INPUT RECORDS>

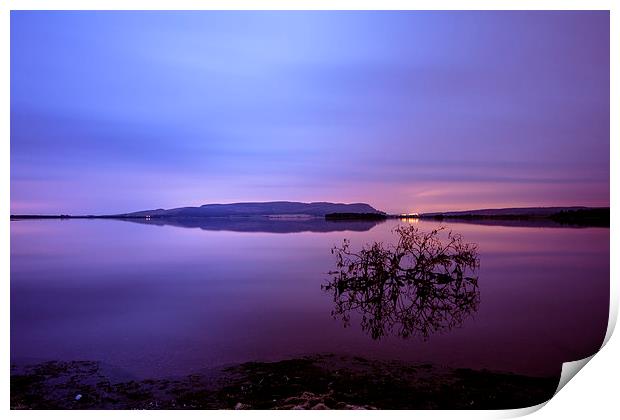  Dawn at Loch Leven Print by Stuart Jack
==
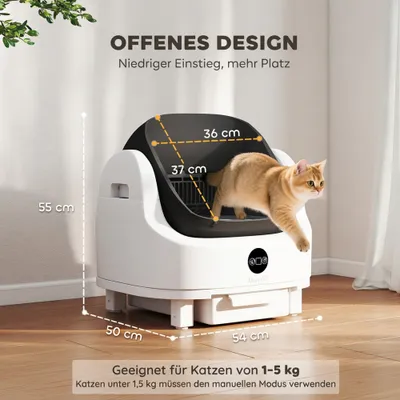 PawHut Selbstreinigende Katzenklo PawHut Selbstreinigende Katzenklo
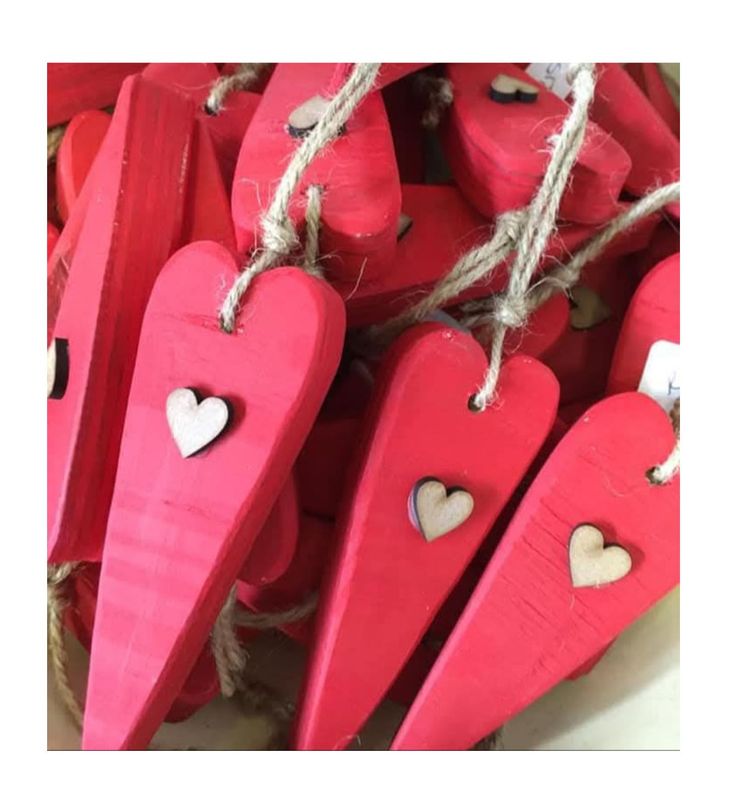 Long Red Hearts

WORK TASK>
In the data above, find the line containing "PawHut Selbstreinigende Katzenklo PawHut" and the line containing "Long Red Hearts". Copy exactly the stretch from the first through the second, both included, leaving out any picture.

ANSWER SPACE>
 PawHut Selbstreinigende Katzenklo PawHut Selbstreinigende Katzenklo
 Long Red Hearts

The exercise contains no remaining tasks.